** WHAT YOU ARE ASKED TO DO **
Look through the material below and copy every line containing the word "Black".

START ENTRIES SHOWN

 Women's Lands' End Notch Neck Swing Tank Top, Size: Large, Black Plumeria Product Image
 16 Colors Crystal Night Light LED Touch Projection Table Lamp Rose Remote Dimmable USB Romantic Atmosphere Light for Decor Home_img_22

END ENTRIES SHOWN
START ENTRIES SHOWN

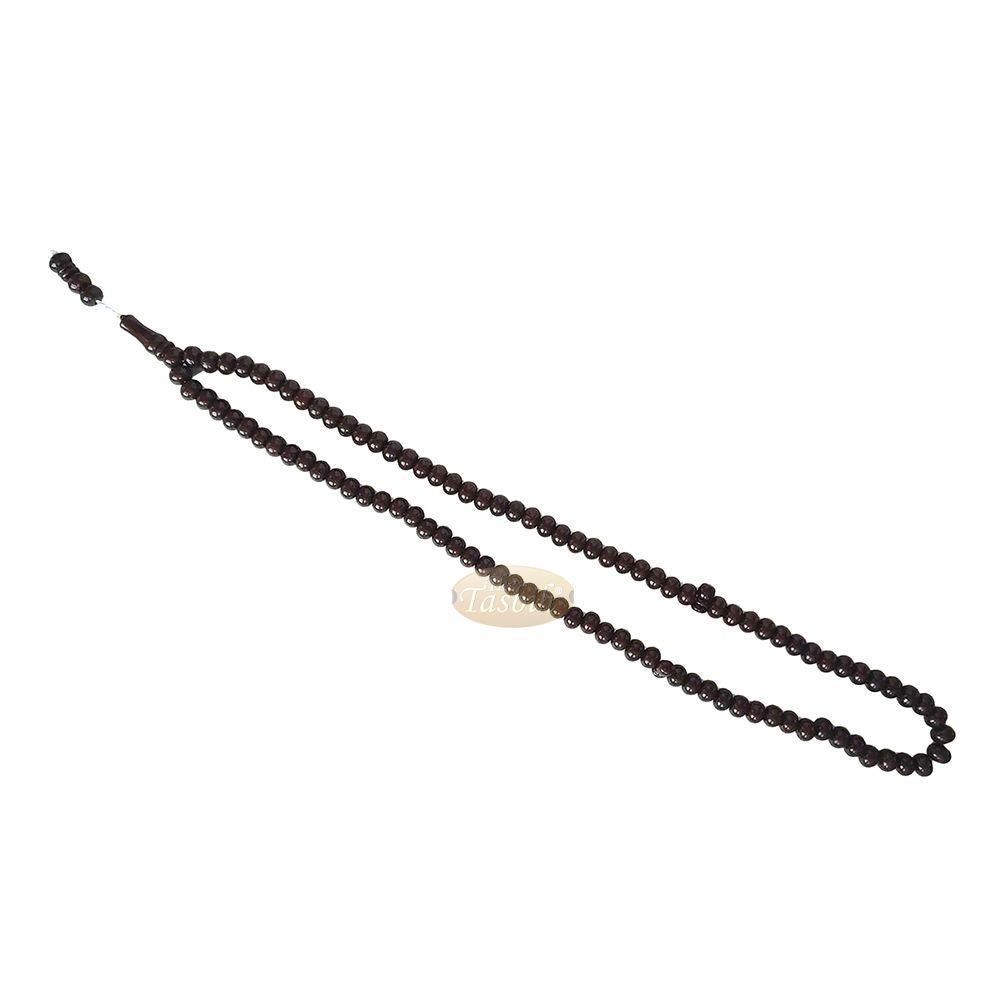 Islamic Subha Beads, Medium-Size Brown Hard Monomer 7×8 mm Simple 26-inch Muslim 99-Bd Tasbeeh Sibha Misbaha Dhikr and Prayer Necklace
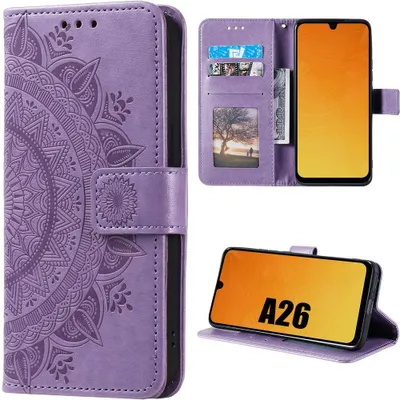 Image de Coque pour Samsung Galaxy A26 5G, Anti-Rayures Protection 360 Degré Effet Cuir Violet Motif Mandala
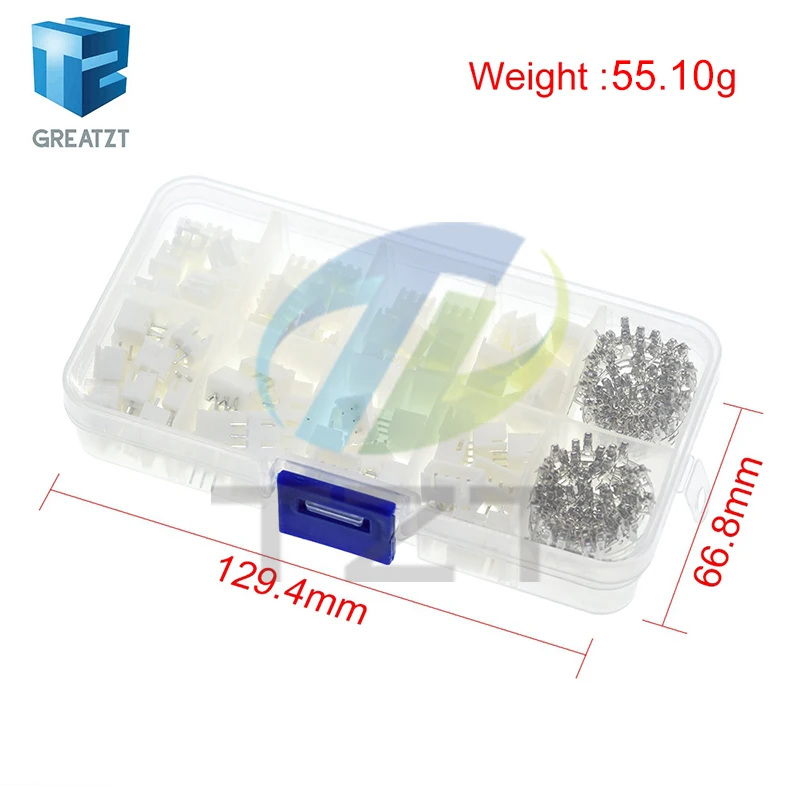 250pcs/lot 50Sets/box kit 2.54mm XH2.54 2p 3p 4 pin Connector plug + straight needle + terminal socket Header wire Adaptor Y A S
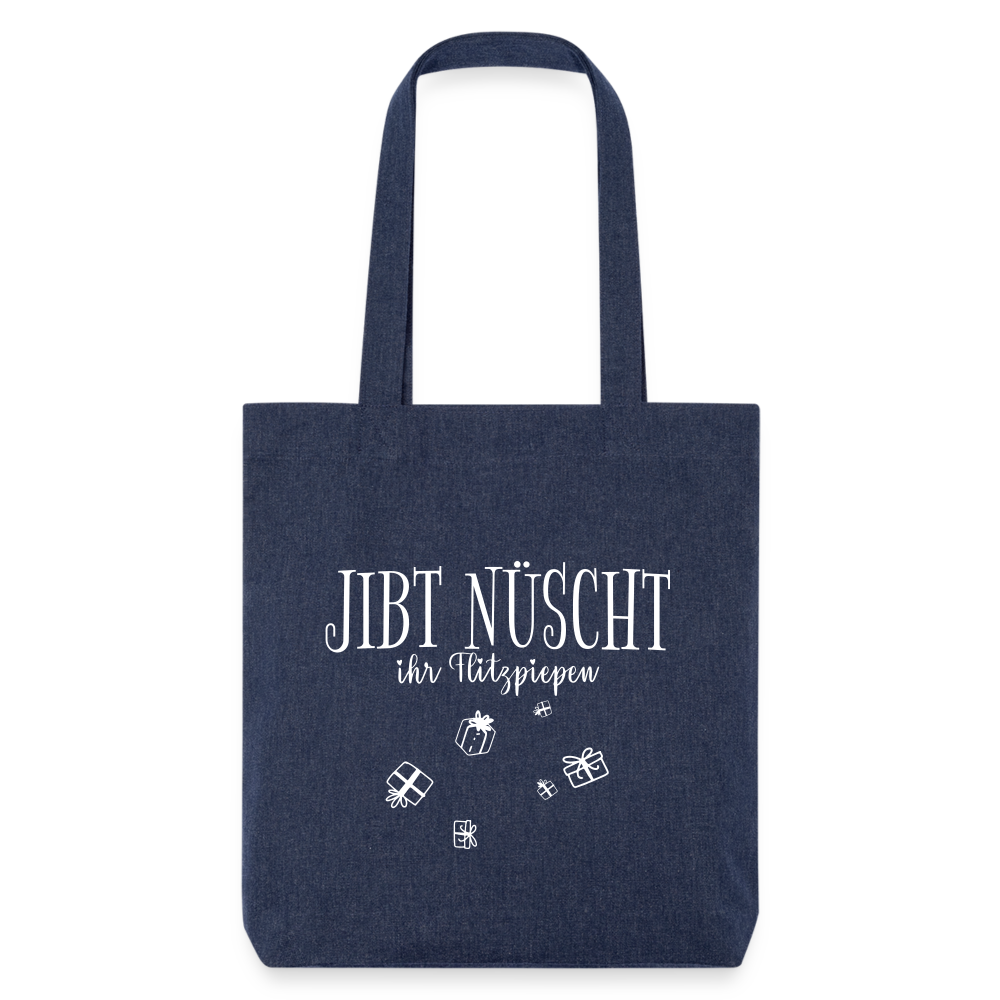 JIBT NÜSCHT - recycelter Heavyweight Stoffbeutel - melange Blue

END ENTRIES SHOWN
START ENTRIES SHOWN

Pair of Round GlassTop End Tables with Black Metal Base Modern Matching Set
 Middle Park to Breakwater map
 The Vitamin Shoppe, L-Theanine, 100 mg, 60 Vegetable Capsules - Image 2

END ENTRIES SHOWN

** RESPONSE BOX **
 Women's Lands' End Notch Neck Swing Tank Top, Size: Large, Black Plumeria Product Image
Pair of Round GlassTop End Tables with Black Metal Base Modern Matching Set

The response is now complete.